The article offers a solution to this assumption and conflict0.  Instead of focusing on the issue as a lingering women’s problem or an issue of equality, choose instead to view the issue as a massive business opportunity.  Don’t fester on the problem; seek solutions instead, such as roadmaps to businesses that are better balanced, arguments that help companies and managers understand and benefit from shifting global gender balances.  As a result, the discussion will veer away from what is wrong with women who didn’t make it to the top to focus on analyzing what is right with companies and leaders that do build gender balanced leadership teams.

Focusing on these teams will draw attention to the healthy mode of competition that results to a properly gender balanced leadership team.  According to the article, gender balance delivers better and more sustainable performance.  Research shows that companies with more gender-balanced leadership teams out-perform those with less.  Essentially, seeking gender balance in leadership teams will put a company decades ahead of its competition; while skeptics will spend another decade resisting this fact, the best leaders will charge forward, armed with the information.


Powerful Women in Business Increasing

Sheryl Sandberg women in business
Sheryl Sandberg is one of many women to help increase the number of powerful women in business and leadership roles in America.

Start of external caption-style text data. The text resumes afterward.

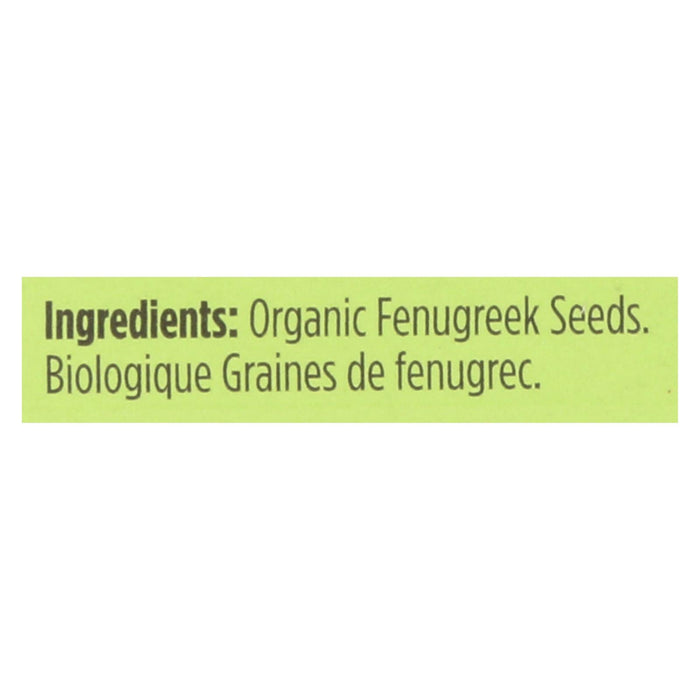 Spicely Organics Organic Fenugreek Seeds (Pack of 6 - 0.45 Oz.)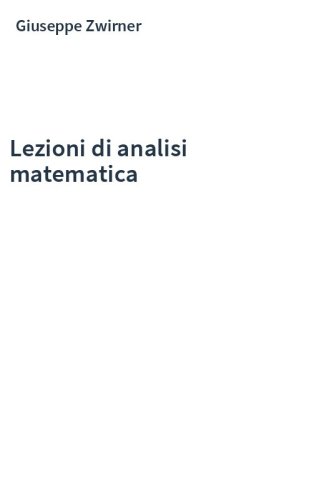 Lezioni di analisi matematica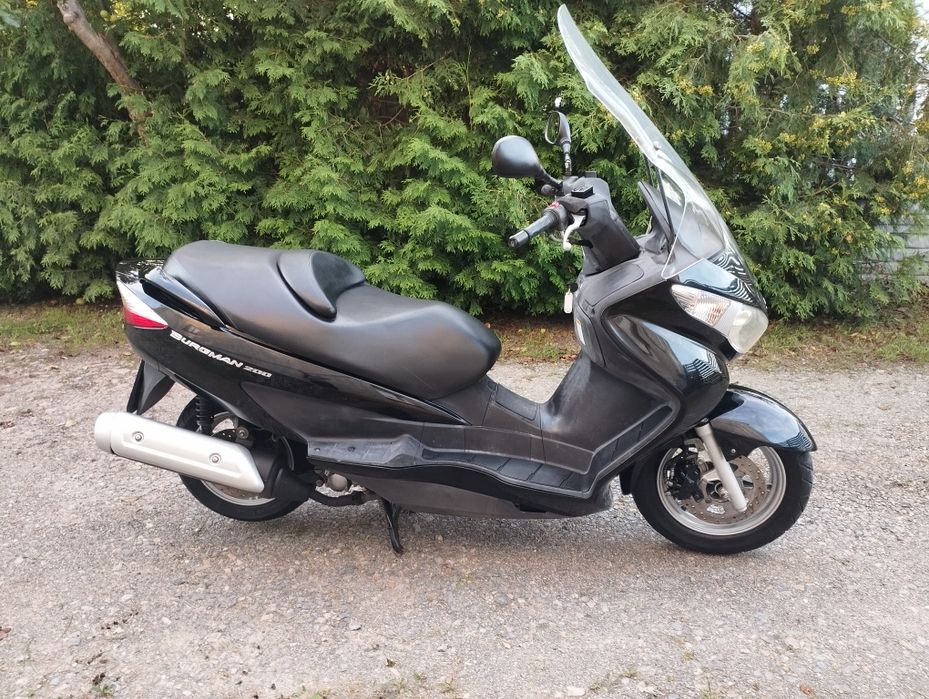 Suzuki Burgman 200,2008r,18tts.km,Aprilia Atlantic 200,2004r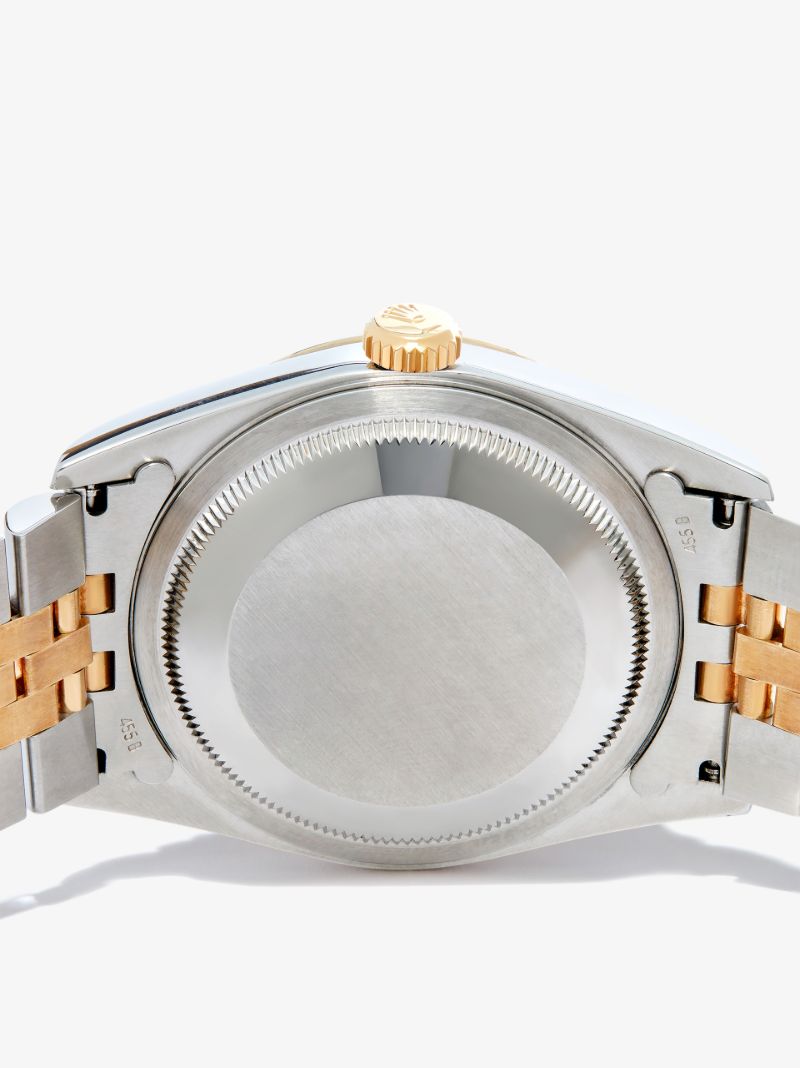 Reworked Vintage Stainless Steel Rolex Datejust Watch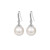 NEW 2607 LUMÉA Élan 10mm Freshwater Pearl & Zircon Sterling Silver Drop Earrings B211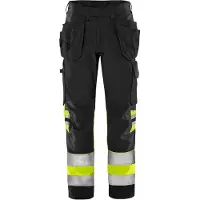 Fristads Vihreä Työkaluhousut Luokka 1 2640 GPLU Huomiokeltainen/Musta C156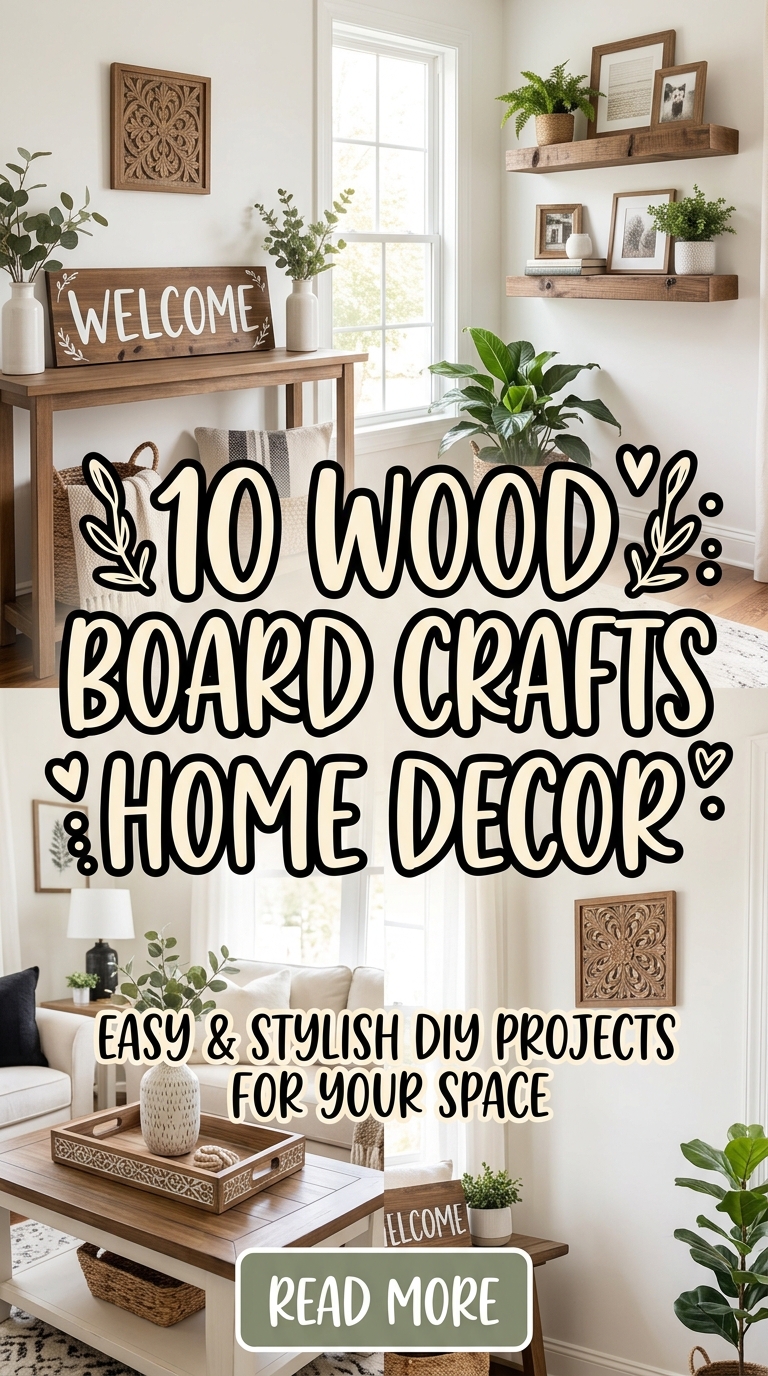 10 Wood Board Crafts Home Decor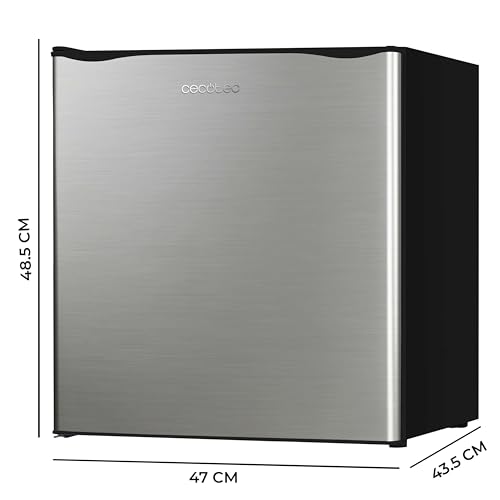 Cecotec GrandCooler 20000 Mini Frigorífico 46L, Silencioso, Inox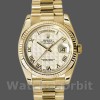 Replica Rolex Day-Date 36mm Unisex-118238-Ivory Dial-Fluted Bezel Ivoor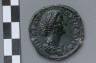 Artist not recorded / Sestertius with bust of Faustina II / A.D. 176 and later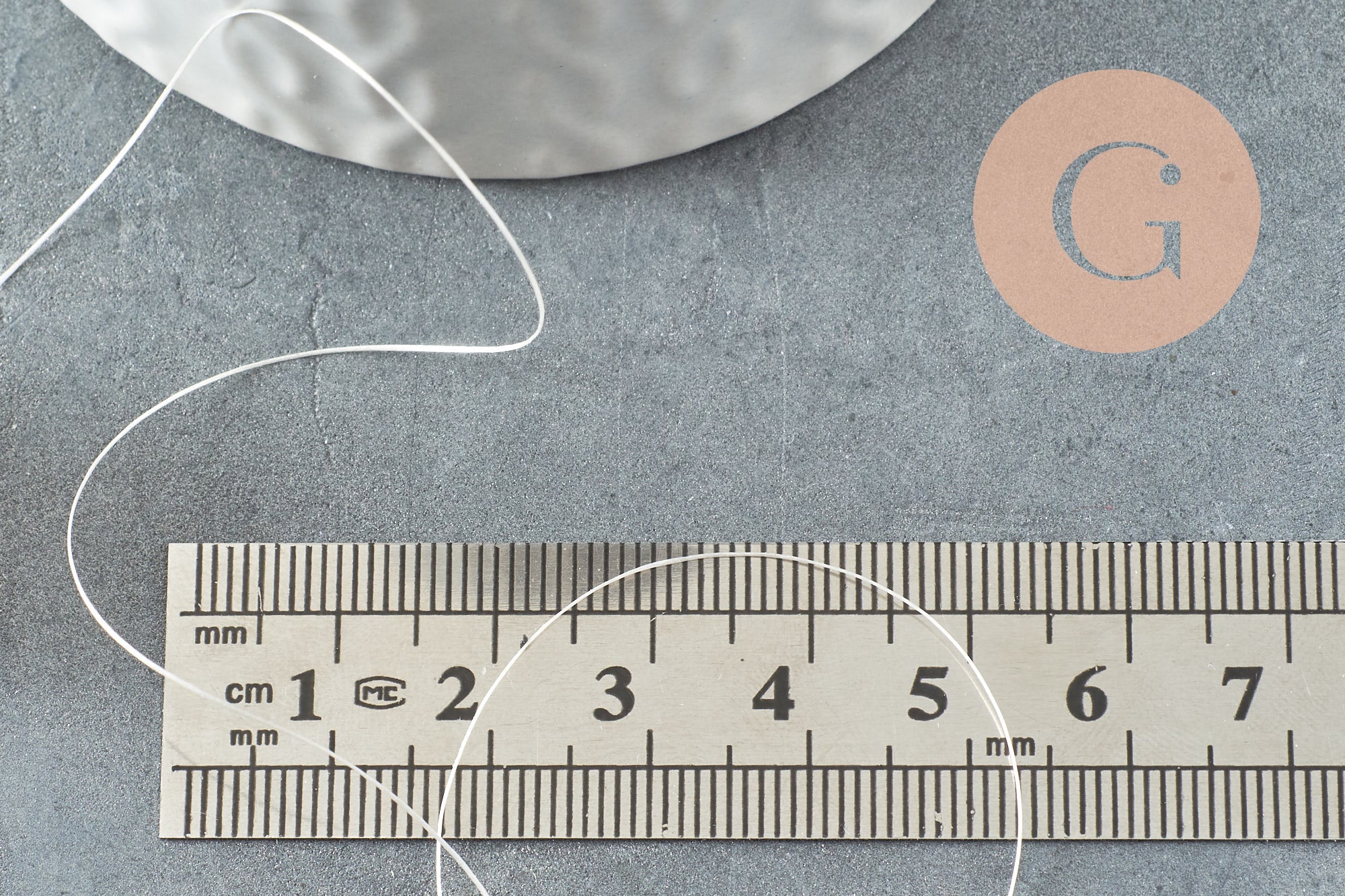 Gingerlily G10569 fil nylon beige 0.1mm rouleau 46m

With every passing year, more women are emerging in the chief executive officer pull in the United States.  To celebrate women who have succeeded in becoming a powerful authority in business, Forbes recently completed its annual list of the twenty most powerful women in business.  Technology was a large theme for women succeeding in business.  Sheryl Sandberg has been COO of Facebook for four years.  Virginia Remetty was noted as the CEO of IBM, along with Ursula Burns of Xerox and Meg Whitman of Hewlett-Packer.  For Whitman and Burns, they both will face particular challenges over the coming years; Xerox is still searching for a means to reframe its business, and HP has been labeled as a struggling tech company.  But these aren’t the only tech-related CEOs to make the list.  Marissa Mayer, who was the twentieth employee of Google, shocked everyone in announcing hse would be leaving to become CEO of Yahoo.  Susan Wojcicki serves as Google’s SVP, declaring her as the womn behind all of the company’s ad products.  While not directly in the technology industry, Mary Barra earns her spot on the list working for General Motors; serving as SVP of Global Product Development, Barra is the highest-ranking woman within the company.

Entertainment is also a popular field for women to be successful.  Anne Sweeney is the first to make the list, serving as co-chair of the Disney Media Networks, as well as president of Disney’s ABC network.  Arianna Huffington made the list, as per usual, serving as the founder of her online newspaper—The Huffington Post, which just earned its first Pulitzer Prize in reporting.  Amy Pascal, Laura Lang and Sue Naegle are also authorities in the entertainment business.  Pascal serves as co-chair of Sony Pictures Entertainment, while Lang and Naegle serve as CEO of Time, Incorporated and President of Time Warner’s HBO Entertainment respectively.

Women who serve in companies related to food, fashion and beauty manage to toe the line between gender roles beautifully; these women are both powerful authorities in their businesses, while working with what society defines as strictly feminine fields.  India Nooyi serves as CEO and chair of PepsiCo and has impressively held the position since 2006.  Irene Rosenfeld has worked tirelessly as CEO of Kraft, putting together a corporate split that has drawn much attention.  Diane Von Forstenberg wields quite a bit power, serving as the president of the Council of Fashion Designers in America.  Along similar lines, Angela Ahrendts is CEO of Burberry, a leading accessories and luxury goods company.  Finally, Sheri McCoy works in the beauty industry, serving as CEO of Avon.